The biosphere is a sensitive, open system and changes in one part of the system can be transferred — through space and time — to other parts of the system (e.g. most pollutants are extremely mobile through natural environmental cycles and flows). The integrity and survival of the whole system is more important than the preservation of component parts.
The environment has traditionally been seen as a public good, available in almost unlimited supply, and free for use (generally without restrictions) by all who desire to use it. It is an exploitable asset, to be carefully allocated among competing users. The environment offers both natural resources (which have some tangible, practical value — such as minerals and water) and non-utilitarian resources (which do not — such as landscape and wilderness).
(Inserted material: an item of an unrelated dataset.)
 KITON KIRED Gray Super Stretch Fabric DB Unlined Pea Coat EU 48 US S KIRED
It has three main functions (Siebert et al, 1980):
(a) it serves as a public consumption good (e.g. air and landscape),
(b) it provides basic inputs for production processes (e.g. raw materials) and
(c) it is used as a receptor of wastes (e.g. air and water pollutants).
Cottrell (1978, p.7) notes that:
the natural environment has been largely ignored in conventional accounts of economic processes, and the earth has been commonly regarded as a free reservoir and bottomless rubbish dump.
Environmental management is required beause of the wide range of demands being made on all parts of the environmental system. Many of these demands are not compatible with others, and some of them lead to serious, long term and at times irreversible changes in the environment. The paradox is highlighted by O'Riordan (1971, p.176):
the environment is to be all things to all men. It is to be life supporting, it is to be useful and it is to be beautiful.
The challenge of environmental decision-makers is to introduce policies which make it possible to realise all three goals simultaneously. The ultimate objective behind such management is the long term survival of humanity. As Ward and Dubos (1971) conclude:
the depletion of natural resources is … one of the chief reasons of uncertainty concerning the continued ability of the earth to support human civilisations.
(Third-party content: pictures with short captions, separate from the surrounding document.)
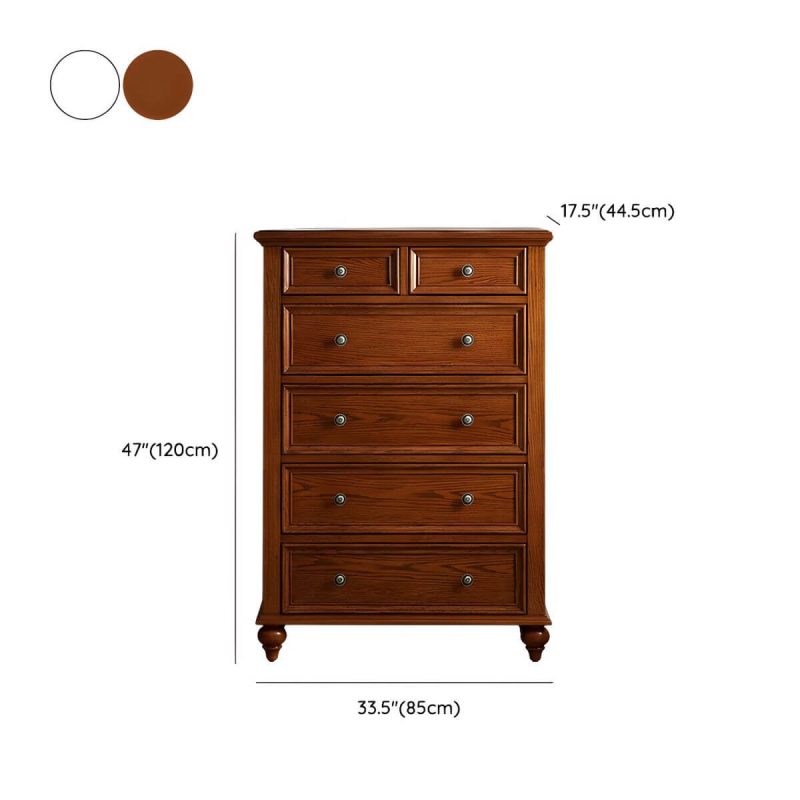 "Dimension of Traditional Style Solid Wood Lingerie Chest Drawers Included for Bedroom - Nut-Brown 85 x 44 x 120 cm"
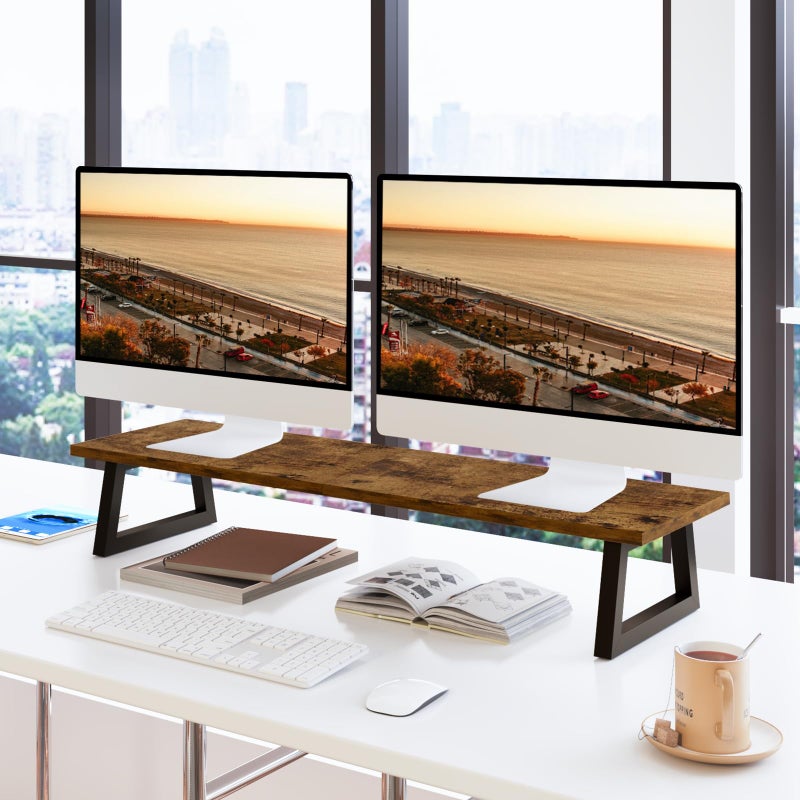 TEAMIX 31.5 inch Dual Monitor Riser for 2 Monitors, Long Monitor Stand Riser TV Stand Riser Monitor Stand for Desk Wood & Steel Desktop Riser Desk Organization Home Office - Image 3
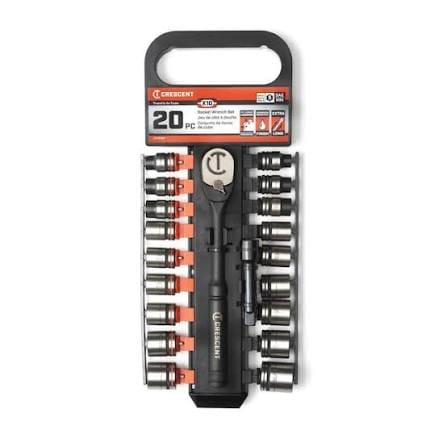 A vertical retail-hanging display organizer containing the 20-piece Crescent X10 mechanics socket set, viewed straight-on against a plain white background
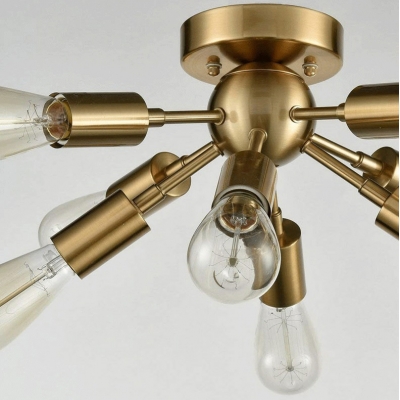 Sputnik Semi Flush Mount Light with Open Bulb 8 Lights Mid Century Modern Gold/Nickel Ceiling Light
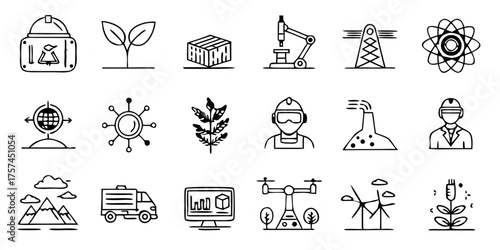 Vector illustration of niche technology solid icons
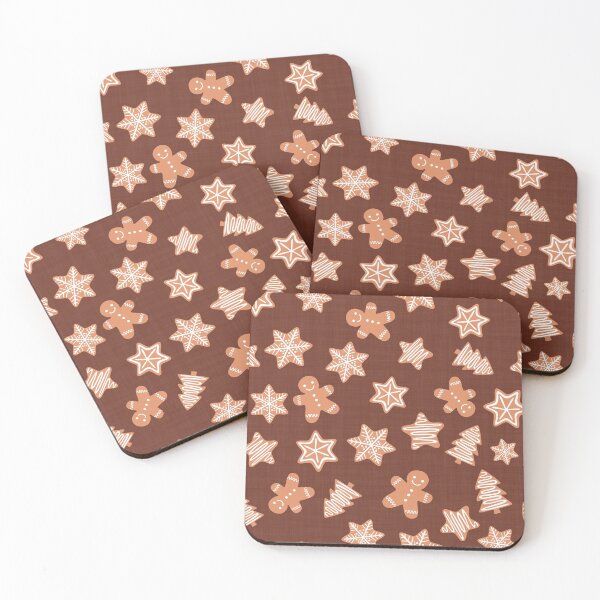 Item preview, Christmas Gingerbread Cookies Chocolate Brown Linen Effect designed and sold by cashewdays.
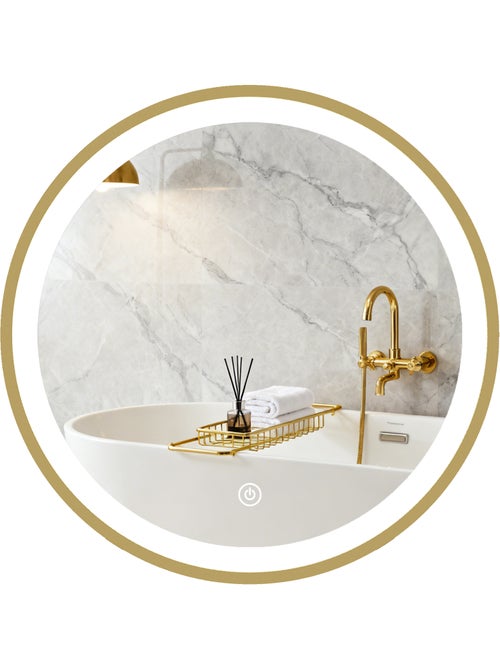 Miroir salle de bain avec éclairage led rond verre doré - Kiabi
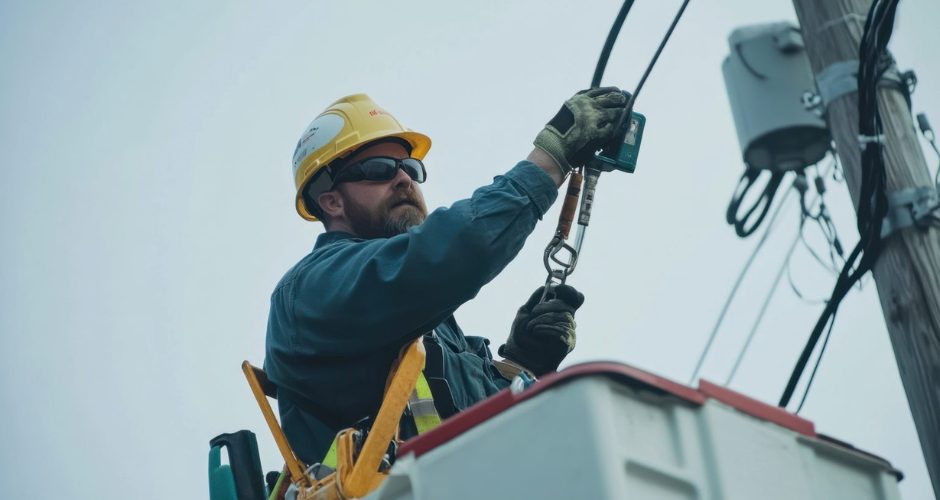A utility worker wearing a yellow hard hat, safety gloves, and sunglasses works from the bucket of a utility truck while connecting or inspecting electrical equipment on a wooden utility pole. Power lines and utility hardware are visible against an overcast sky.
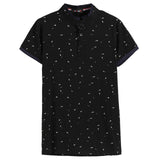 2019 Summer Guitar Printed Stand Collar Polo Shirt Men Short Sleeve Casual Men Shirts Slim Fit Polo Homme Cotton Mens Polos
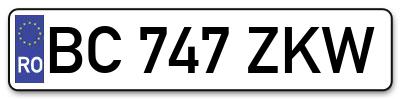 Placuta inmatriculare numar auto  BC-747-ZKW, BC 747 ZKW, BC747ZKW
THE ENVIRONMENTAL PREDICAMENT

The environmental problems faced by individual countries are components of a global problem, often referred to as the ‘Environmental Crisis’. The use of the term crisis is not without purpose, because it is designed to highlight the critical nature of the present problem. A crisis can be defined as ‘…a crucial stage or turning point… an unstable period…a sudden change, for better or worse…’ (Collins English Dictionary, 1979).
Black (1970) maintains that the term ‘crisis’ implies some sudden decisive change, which is perhaps not fully representative of the gradual, incremental development of many contemporary environmental problems. Berry (1972) also stresses that many such problems are chronic and pervasive, rather than acute. It might be more correct to refer to the recent problems as elements of an ‘Environmental Predicament’ rather than a crisis.
There is accumulating evidence, particularly since the 1960s, that many forms of human activity are having long-term and wide-ranging impacts on the environment (see Table 1.1). For example, the World Conservation Strategy (Allen, 1980) singles out for particular attention the problems of soil erosion, desertification, loss of cropland, pollution, deforestation, ecosystem degradation and destruction and extinction of species and varieties.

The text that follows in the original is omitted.